Below are records; reproduce exactly the lines from the one that has "Photo of the" through the one that has "Spilla camelia elegante, spilla", ends included, and nothing more.

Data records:
#####

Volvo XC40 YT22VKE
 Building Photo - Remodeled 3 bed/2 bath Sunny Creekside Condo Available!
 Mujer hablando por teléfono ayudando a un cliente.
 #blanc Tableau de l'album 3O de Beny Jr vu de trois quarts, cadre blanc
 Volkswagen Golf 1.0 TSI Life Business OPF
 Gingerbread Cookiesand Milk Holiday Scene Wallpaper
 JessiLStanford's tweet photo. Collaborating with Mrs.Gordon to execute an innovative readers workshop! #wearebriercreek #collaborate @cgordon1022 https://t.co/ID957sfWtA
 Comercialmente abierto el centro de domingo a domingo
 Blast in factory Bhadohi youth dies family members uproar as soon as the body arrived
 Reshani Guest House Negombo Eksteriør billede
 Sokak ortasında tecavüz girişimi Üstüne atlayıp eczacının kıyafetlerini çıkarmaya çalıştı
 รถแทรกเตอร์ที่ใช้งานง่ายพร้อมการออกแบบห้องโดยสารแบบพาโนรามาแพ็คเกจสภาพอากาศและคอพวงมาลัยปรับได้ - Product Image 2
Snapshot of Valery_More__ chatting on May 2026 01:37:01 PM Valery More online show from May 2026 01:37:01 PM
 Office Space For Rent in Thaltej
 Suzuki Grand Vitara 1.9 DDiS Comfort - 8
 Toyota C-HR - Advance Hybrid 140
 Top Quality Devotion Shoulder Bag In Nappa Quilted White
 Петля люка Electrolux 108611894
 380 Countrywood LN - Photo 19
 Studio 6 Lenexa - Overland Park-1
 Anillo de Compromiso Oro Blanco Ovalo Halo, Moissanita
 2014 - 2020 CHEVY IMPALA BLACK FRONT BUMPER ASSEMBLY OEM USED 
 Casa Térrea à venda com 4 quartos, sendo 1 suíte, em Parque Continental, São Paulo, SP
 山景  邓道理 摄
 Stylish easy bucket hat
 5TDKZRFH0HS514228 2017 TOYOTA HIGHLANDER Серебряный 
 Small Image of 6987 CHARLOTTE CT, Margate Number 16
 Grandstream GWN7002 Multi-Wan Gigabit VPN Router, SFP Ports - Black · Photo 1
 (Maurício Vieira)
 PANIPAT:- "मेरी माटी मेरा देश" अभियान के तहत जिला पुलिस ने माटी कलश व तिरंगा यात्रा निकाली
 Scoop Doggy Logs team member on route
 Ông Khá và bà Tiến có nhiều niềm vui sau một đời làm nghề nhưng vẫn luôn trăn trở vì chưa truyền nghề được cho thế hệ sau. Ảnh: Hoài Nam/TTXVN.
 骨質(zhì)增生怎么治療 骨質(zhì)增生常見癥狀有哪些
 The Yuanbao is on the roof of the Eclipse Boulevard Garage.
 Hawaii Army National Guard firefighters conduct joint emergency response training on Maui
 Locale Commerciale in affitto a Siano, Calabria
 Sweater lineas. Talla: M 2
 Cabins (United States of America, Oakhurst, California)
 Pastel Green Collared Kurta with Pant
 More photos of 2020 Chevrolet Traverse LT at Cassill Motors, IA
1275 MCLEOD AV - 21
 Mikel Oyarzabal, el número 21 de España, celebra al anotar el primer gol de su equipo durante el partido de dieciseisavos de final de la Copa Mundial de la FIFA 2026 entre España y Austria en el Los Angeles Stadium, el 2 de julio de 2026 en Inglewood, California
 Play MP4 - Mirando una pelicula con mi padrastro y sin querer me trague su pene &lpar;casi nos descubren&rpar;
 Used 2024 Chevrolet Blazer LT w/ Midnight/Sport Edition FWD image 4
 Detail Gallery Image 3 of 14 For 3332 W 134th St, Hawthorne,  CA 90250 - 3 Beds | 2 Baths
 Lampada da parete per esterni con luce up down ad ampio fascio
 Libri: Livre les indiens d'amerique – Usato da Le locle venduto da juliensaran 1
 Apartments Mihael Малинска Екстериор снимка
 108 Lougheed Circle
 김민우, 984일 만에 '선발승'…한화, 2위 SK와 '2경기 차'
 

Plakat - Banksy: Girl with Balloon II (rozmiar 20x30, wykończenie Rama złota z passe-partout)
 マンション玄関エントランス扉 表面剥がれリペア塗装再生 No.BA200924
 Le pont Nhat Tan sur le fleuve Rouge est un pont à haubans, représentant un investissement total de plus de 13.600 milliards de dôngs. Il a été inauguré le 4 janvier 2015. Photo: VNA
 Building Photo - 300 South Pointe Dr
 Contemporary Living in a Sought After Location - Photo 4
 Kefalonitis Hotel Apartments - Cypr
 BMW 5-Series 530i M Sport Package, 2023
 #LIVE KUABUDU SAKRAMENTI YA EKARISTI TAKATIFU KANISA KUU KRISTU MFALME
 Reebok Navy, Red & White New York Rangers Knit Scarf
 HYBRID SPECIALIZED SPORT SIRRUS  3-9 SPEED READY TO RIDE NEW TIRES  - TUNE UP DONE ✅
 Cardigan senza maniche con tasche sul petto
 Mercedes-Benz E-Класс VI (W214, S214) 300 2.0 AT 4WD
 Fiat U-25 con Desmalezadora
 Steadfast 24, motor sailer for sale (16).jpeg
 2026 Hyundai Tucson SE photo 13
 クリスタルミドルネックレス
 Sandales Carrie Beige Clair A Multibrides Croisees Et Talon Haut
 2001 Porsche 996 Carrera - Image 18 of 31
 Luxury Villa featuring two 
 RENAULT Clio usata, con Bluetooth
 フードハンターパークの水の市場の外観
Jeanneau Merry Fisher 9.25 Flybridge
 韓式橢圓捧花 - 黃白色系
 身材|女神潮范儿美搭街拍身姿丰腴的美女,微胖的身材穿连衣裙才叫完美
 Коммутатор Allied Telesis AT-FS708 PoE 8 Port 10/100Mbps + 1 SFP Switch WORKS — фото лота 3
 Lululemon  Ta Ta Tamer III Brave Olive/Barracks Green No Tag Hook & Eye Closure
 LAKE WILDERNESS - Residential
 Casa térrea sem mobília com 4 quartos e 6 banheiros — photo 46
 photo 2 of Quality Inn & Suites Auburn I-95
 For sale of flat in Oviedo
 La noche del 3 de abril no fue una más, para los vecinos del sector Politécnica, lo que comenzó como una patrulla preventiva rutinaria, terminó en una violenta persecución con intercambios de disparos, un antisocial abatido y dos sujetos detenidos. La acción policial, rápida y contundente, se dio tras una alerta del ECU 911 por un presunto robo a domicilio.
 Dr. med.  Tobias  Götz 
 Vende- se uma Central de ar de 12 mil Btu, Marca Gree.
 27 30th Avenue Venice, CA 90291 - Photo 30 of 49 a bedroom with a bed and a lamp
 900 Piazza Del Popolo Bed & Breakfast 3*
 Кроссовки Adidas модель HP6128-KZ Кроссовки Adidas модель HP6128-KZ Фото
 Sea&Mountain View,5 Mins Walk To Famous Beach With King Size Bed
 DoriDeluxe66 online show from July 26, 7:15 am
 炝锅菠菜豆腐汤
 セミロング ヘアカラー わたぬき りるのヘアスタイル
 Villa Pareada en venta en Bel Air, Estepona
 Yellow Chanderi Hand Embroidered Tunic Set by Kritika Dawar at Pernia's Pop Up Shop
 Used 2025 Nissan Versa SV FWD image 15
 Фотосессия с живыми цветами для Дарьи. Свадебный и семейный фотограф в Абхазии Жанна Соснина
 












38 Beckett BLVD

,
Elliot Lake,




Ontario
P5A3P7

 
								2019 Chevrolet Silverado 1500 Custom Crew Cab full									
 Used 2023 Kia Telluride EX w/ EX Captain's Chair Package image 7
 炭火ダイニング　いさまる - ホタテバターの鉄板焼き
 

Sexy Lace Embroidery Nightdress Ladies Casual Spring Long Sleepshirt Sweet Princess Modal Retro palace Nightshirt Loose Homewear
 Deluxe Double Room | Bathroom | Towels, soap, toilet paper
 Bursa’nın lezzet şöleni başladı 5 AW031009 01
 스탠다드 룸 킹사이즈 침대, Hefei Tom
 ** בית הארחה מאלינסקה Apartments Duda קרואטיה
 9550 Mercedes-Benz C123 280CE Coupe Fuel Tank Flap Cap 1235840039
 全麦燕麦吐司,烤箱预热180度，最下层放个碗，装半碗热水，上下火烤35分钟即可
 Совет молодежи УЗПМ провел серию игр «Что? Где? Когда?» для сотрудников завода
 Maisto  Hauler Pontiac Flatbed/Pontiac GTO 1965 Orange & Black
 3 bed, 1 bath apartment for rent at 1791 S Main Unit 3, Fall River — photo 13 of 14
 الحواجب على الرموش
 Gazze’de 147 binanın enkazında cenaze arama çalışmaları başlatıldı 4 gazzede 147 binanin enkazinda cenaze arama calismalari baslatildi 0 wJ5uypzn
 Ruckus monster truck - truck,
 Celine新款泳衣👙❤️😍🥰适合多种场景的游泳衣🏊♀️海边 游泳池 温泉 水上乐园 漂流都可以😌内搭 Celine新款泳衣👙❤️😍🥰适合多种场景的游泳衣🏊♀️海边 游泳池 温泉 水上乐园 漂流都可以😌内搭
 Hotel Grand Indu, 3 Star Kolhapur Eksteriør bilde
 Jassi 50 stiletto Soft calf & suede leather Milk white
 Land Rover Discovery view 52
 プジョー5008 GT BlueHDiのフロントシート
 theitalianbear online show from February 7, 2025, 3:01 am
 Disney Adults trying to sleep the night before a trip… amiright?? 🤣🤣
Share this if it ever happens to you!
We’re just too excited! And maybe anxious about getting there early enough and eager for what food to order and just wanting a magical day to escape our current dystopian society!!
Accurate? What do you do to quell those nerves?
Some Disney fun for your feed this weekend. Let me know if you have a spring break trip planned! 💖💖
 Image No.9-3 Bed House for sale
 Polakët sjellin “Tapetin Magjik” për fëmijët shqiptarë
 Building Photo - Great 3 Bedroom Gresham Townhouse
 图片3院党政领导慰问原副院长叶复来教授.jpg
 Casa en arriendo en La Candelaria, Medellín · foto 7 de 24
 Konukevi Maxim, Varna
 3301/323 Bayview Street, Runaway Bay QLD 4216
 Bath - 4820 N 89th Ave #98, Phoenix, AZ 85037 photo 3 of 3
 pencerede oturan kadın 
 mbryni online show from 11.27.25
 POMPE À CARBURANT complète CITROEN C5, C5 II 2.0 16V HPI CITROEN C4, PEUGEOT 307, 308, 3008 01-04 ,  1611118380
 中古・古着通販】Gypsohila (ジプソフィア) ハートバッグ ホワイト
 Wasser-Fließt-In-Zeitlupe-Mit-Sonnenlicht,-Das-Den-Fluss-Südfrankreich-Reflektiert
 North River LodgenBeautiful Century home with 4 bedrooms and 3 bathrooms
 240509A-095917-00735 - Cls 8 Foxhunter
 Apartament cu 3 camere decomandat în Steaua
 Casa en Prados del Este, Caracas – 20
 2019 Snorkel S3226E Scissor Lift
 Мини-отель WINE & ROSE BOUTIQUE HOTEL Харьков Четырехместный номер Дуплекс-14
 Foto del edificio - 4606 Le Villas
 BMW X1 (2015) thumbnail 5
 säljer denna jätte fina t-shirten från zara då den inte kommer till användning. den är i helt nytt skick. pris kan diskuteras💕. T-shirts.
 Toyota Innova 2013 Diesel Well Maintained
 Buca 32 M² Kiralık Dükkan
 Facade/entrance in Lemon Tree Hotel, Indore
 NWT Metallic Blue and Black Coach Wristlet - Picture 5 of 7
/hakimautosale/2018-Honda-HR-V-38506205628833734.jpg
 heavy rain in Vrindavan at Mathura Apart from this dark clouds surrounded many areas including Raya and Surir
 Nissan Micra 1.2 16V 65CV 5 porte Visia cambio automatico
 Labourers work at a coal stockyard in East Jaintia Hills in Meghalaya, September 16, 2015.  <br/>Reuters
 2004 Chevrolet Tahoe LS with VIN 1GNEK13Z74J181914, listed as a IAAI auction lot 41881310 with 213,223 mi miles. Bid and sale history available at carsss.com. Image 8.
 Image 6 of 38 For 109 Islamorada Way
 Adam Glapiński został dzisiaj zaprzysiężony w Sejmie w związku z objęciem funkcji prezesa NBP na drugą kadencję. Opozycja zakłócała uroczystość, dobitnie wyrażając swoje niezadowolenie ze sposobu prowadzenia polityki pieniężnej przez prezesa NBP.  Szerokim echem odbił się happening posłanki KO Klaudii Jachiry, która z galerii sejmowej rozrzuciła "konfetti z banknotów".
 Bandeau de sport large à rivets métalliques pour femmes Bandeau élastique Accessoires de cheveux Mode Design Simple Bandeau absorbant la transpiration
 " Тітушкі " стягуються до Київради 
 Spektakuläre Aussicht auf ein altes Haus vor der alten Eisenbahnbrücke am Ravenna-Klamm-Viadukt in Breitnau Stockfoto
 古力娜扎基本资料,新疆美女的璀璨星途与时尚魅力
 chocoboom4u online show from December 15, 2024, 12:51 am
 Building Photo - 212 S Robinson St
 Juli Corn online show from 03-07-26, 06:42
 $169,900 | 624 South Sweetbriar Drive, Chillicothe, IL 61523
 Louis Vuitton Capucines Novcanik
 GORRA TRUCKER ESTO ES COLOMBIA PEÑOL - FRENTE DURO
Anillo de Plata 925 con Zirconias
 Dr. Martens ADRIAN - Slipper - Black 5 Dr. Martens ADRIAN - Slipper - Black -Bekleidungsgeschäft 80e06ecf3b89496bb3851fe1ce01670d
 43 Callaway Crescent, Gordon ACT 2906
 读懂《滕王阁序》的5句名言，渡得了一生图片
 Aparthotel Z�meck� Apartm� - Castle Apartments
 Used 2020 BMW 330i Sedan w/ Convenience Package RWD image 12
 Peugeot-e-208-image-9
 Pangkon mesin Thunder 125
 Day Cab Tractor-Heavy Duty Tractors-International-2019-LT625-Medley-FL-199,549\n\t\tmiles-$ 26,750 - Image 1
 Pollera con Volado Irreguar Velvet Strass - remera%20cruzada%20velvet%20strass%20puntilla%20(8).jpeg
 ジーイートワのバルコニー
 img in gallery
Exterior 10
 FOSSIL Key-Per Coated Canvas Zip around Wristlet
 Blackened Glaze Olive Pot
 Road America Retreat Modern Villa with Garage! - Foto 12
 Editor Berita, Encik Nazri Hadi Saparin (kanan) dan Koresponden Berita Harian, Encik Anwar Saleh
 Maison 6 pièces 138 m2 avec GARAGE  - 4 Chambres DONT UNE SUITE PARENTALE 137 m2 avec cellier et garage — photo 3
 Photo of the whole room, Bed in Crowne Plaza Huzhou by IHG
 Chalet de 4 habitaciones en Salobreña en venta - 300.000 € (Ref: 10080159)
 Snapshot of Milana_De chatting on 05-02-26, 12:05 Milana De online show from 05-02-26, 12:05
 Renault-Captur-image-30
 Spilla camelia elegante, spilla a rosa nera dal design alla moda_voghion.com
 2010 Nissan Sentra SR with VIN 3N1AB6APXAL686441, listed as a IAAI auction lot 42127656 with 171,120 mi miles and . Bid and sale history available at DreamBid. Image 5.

#####

**Finished task:**
 Photo of the whole room, Bed in Crowne Plaza Huzhou by IHG
 Chalet de 4 habitaciones en Salobreña en venta - 300.000 € (Ref: 10080159)
 Snapshot of Milana_De chatting on 05-02-26, 12:05 Milana De online show from 05-02-26, 12:05
 Renault-Captur-image-30
 Spilla camelia elegante, spilla a rosa nera dal design alla moda_voghion.com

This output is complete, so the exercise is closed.